0 votes
by (120 points)
If Alice bets $1 repeatedly on red in roulette and Bob bets $100 once on red, who has a better chance of winning $100?

1 Answer

0 votes
by (340 points)
Bob has a roughly 47.4% chance of winning $100 since he's betting once, while Alice has a significantly lower chance, at 0.00265%, of winning $100 by betting $1 repeatedly due to the need for a higher number of wins over losses.
by (100 points)
Simplest way to think about this, I think, is a smaller bet means you have to win more to reach the total before you walk away.
by (100 points)
I tried an online casino once and chose red 16 times in a row on roulette and it landed on black 16 times.
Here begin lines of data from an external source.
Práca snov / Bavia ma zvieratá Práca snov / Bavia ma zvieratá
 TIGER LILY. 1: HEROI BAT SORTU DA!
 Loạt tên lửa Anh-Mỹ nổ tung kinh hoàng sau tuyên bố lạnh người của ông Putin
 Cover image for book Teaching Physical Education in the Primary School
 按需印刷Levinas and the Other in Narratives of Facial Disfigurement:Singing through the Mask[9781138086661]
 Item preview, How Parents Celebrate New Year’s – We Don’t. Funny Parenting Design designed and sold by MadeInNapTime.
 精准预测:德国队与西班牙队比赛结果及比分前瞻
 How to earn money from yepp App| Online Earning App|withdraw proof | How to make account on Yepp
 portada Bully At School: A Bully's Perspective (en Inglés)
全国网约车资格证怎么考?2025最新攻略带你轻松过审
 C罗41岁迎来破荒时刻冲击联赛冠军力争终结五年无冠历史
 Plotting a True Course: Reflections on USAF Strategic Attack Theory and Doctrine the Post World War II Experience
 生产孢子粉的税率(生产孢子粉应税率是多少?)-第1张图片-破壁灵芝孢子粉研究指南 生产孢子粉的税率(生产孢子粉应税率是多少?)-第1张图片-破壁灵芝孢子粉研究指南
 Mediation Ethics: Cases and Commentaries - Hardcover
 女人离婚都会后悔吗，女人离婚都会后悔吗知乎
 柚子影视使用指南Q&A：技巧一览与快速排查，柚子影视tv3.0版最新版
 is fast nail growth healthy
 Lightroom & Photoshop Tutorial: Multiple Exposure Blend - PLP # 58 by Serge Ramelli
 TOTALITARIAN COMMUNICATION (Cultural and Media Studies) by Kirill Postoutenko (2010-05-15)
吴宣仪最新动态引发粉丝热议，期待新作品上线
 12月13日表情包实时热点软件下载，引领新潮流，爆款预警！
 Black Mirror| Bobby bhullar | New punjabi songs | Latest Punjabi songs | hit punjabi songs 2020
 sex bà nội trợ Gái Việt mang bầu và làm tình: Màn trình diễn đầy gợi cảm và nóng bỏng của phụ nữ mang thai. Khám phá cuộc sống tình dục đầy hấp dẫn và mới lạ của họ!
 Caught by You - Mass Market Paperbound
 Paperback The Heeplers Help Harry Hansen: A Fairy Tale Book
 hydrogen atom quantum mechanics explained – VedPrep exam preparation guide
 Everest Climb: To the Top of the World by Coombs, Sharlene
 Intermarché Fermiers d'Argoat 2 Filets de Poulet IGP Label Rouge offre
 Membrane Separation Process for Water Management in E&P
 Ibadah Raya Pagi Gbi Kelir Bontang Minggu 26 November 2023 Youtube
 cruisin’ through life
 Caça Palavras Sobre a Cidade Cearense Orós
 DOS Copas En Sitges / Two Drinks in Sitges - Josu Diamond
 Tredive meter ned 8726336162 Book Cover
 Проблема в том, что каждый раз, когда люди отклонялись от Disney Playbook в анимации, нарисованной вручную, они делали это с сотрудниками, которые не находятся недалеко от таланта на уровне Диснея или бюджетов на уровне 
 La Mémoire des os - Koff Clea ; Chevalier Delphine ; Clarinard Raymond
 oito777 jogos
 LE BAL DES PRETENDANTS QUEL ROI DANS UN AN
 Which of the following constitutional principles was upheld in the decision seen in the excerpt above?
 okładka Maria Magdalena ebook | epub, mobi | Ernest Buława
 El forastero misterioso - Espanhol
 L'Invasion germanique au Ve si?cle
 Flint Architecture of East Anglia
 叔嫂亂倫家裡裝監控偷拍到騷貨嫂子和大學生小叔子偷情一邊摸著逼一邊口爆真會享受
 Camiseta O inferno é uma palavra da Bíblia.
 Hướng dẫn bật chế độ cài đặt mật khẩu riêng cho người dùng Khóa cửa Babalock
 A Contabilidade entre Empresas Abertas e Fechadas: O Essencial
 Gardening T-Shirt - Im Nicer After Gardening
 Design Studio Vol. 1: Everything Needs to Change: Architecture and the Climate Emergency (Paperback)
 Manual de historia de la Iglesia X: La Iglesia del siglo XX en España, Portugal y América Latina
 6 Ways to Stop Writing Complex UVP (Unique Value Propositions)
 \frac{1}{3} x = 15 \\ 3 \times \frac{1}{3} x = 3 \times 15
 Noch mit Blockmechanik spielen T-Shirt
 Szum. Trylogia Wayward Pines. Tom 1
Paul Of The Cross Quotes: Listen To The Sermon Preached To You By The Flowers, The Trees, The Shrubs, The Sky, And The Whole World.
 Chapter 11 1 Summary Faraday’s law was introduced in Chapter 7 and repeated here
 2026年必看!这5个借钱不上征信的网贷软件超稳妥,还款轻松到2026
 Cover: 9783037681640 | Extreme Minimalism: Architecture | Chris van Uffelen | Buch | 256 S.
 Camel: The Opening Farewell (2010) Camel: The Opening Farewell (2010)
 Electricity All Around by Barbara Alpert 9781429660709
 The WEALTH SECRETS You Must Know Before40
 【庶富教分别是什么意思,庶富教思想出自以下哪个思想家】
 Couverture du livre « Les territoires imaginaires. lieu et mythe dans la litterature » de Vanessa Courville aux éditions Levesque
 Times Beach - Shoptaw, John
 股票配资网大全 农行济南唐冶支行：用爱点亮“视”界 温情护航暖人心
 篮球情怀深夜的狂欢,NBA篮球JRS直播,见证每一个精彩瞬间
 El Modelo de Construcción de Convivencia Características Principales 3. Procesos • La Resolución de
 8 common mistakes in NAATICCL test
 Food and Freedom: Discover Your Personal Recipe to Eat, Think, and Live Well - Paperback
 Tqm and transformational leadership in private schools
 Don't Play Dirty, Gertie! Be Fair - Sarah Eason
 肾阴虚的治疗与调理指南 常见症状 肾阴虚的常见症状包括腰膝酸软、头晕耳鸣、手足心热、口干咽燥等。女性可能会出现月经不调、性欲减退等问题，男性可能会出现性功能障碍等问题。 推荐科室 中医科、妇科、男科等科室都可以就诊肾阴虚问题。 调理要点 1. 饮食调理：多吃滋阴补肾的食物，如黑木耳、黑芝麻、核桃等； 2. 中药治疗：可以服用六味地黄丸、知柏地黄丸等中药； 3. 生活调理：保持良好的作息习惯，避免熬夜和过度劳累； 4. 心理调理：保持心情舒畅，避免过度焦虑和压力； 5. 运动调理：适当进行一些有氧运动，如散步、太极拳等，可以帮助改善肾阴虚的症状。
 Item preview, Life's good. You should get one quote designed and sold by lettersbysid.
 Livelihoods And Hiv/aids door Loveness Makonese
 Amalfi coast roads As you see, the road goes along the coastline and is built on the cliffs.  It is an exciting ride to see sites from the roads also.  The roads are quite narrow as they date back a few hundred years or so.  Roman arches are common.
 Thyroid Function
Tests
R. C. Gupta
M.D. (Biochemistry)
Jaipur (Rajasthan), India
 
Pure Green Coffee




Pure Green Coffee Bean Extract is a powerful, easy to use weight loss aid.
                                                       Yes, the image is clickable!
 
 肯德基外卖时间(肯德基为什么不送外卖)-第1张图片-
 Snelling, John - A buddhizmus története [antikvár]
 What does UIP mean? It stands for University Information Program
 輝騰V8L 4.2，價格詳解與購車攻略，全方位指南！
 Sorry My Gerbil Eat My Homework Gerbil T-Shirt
No more.
by (100 points)
I thought of the Alice case via the simulated net profit lines such as at 10:10. It's gonna take her a long time to burn through that $10,000 so probably there will be a streak of  rounds during which she has a gain of $100. Or probably not, when I saw that low probability for Alice's success I realized that getting 100 more wins than losses in some number of rounds might be much more rare than I thought.

For comparison, you can see in the graph at 10:10 a gain of about $25 between rounds 500-600. The trick just is that it should happen pretty much right in the beginning, not when she's already lost some money. The graph I referenced was still losing money after that $25 gain.
by (100 points)
Gut instinct for the problem with Alice and Bob tryna win $100 is that for Alice, you're gonna need to use a hypergeometric distribution, but of course now that I'm writing it out, I realize that I'm probably wrong because for every dollar she wins, that's one more bet that can go wrong without cutting into her progress on trying to win $100, so the total # of trials isn't set
by (100 points)
I feel like this is super intuitive though? Playing multiple games with a less than 50% win rate is obviously gonna be much more unlikely to be less successful than one game with the same rate. How were we supposed to be "tricked" at the beginning?

Like the math is interesting but the premise is obvious, that it will be a very small number for Alice.